Items from a data source
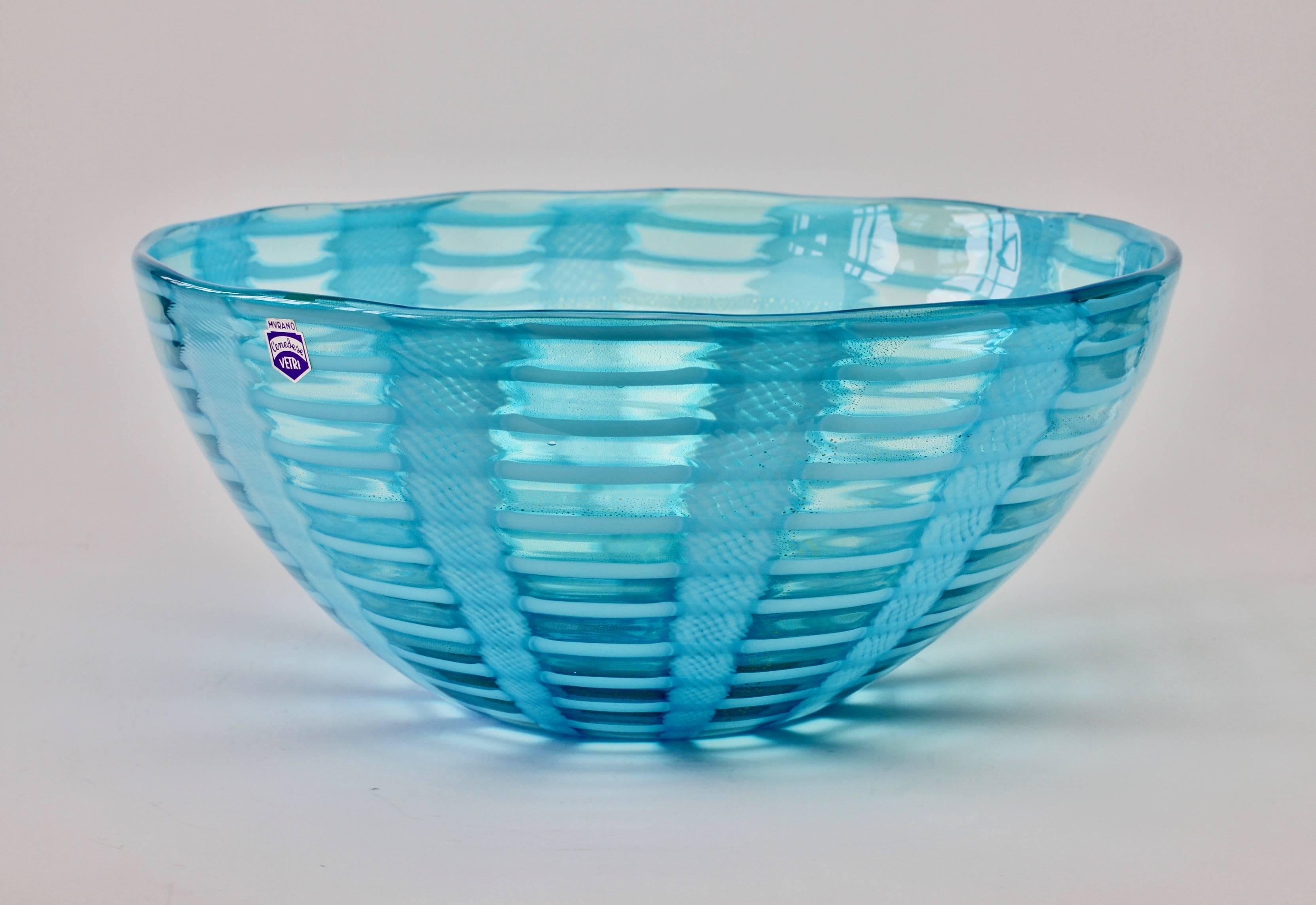 Huge Signed Cenedese 'Tessuti' Blue Murano Art Glass Bowl, circa 2000 In Excellent Condition For Sale In Landau an der Isar, Bayern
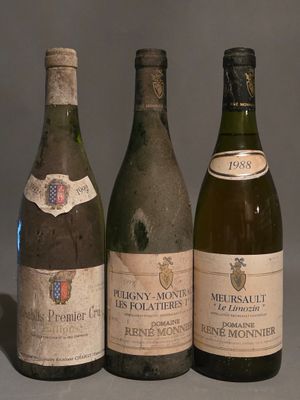 trois bouteilles de vin posées sur une table l'une à côté de l'autre
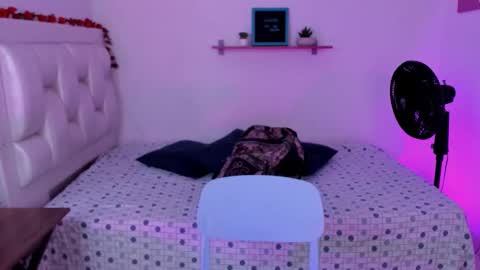 Manuel online show from January 12, 10:37 pm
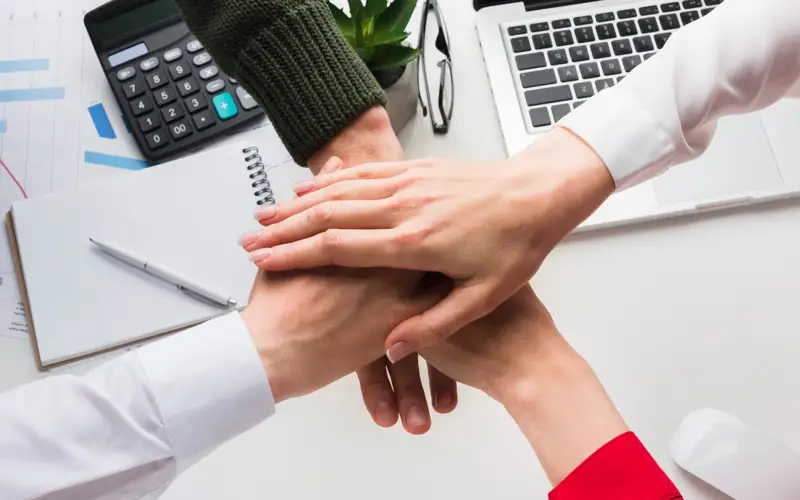 бизнес, благотворительность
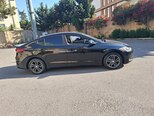 Hyundai Elantra-11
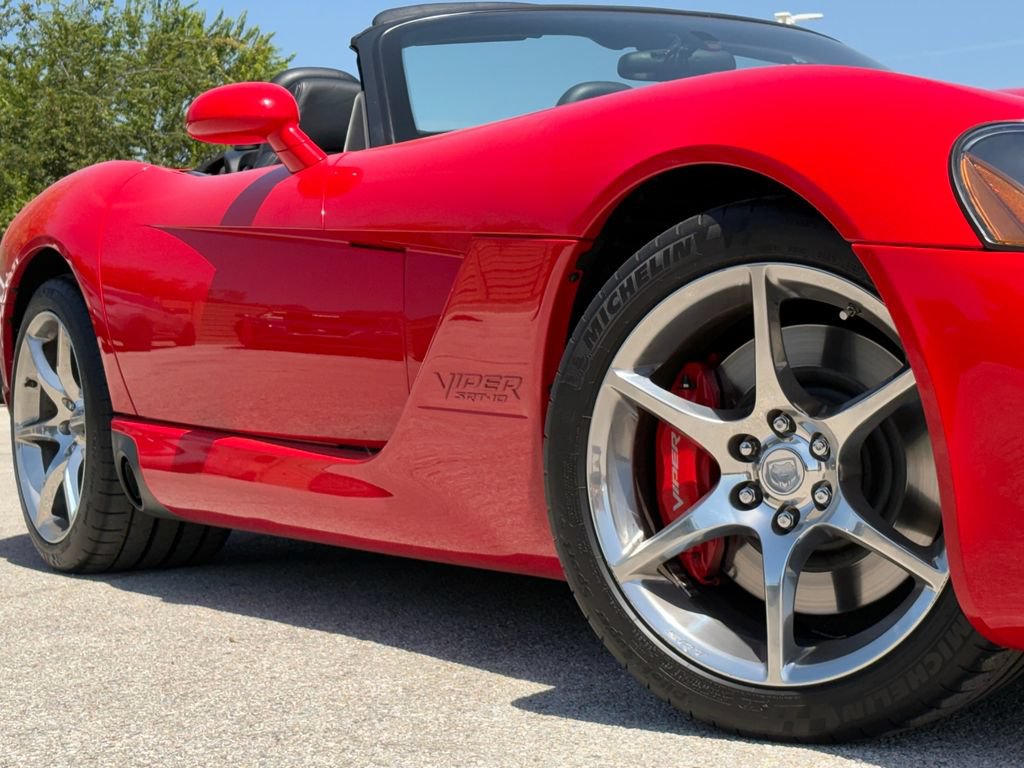 Used 2004 Dodge Viper SRT-10 RWD image 2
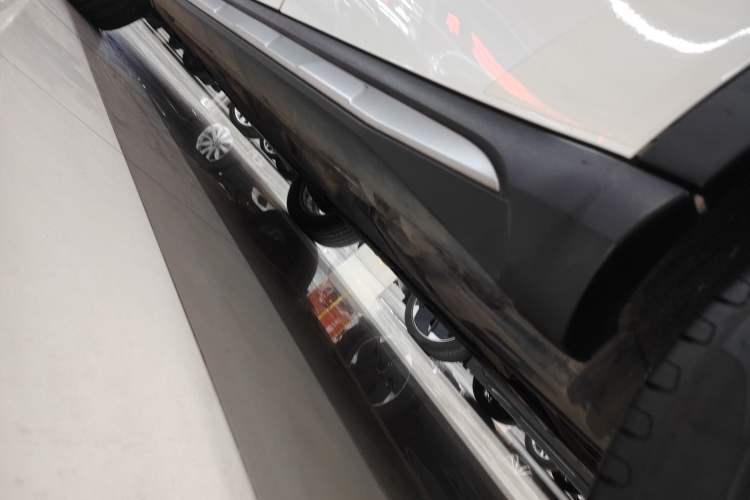 Used Mercedes-Benz GLA 2018 GLA 200 Sport Edition Left Side Sill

**To do**
Without the pictures, transcribe the lines from the one containing "бизнес, благотворительность" through the end of the data, exactly and only those.

**Result of this exercise**
 бизнес, благотворительность
 Hyundai Elantra-11
 Used 2004 Dodge Viper SRT-10 RWD image 2
 Used Mercedes-Benz GLA 2018 GLA 200 Sport Edition Left Side Sill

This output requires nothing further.